ASSIGNMENT:
Write out exactly the lines of the entries below from the one holding "Photo of DDS Controller Module" to the one holding "Dự án ‘vỡ trận’, khách", inclusive, and leave out all other lines.

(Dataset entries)
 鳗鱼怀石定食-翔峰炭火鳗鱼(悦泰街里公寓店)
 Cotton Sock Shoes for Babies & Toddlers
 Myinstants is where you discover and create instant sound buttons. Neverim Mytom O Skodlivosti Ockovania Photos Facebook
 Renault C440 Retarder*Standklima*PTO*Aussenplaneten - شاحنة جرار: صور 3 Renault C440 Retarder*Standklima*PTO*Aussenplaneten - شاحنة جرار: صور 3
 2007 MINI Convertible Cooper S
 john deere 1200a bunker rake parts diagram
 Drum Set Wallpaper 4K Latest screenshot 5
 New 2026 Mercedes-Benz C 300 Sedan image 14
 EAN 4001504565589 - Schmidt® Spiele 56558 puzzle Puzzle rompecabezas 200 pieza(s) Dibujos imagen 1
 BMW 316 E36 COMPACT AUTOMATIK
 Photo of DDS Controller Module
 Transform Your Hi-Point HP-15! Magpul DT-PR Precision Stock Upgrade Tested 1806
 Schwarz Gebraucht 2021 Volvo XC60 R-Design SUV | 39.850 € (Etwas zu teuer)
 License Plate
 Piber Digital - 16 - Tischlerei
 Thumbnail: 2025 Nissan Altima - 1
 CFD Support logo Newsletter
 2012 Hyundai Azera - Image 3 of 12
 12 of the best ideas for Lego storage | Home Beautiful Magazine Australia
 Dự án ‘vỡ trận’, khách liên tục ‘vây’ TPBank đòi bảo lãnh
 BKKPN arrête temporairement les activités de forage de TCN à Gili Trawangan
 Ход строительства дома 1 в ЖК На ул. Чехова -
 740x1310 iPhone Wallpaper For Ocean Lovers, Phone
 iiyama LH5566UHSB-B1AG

ANSWER:
 Photo of DDS Controller Module
 Transform Your Hi-Point HP-15! Magpul DT-PR Precision Stock Upgrade Tested 1806
 Schwarz Gebraucht 2021 Volvo XC60 R-Design SUV | 39.850 € (Etwas zu teuer)
 License Plate
 Piber Digital - 16 - Tischlerei
 Thumbnail: 2025 Nissan Altima - 1
 CFD Support logo Newsletter
 2012 Hyundai Azera - Image 3 of 12
 12 of the best ideas for Lego storage | Home Beautiful Magazine Australia
 Dự án ‘vỡ trận’, khách liên tục ‘vây’ TPBank đòi bảo lãnh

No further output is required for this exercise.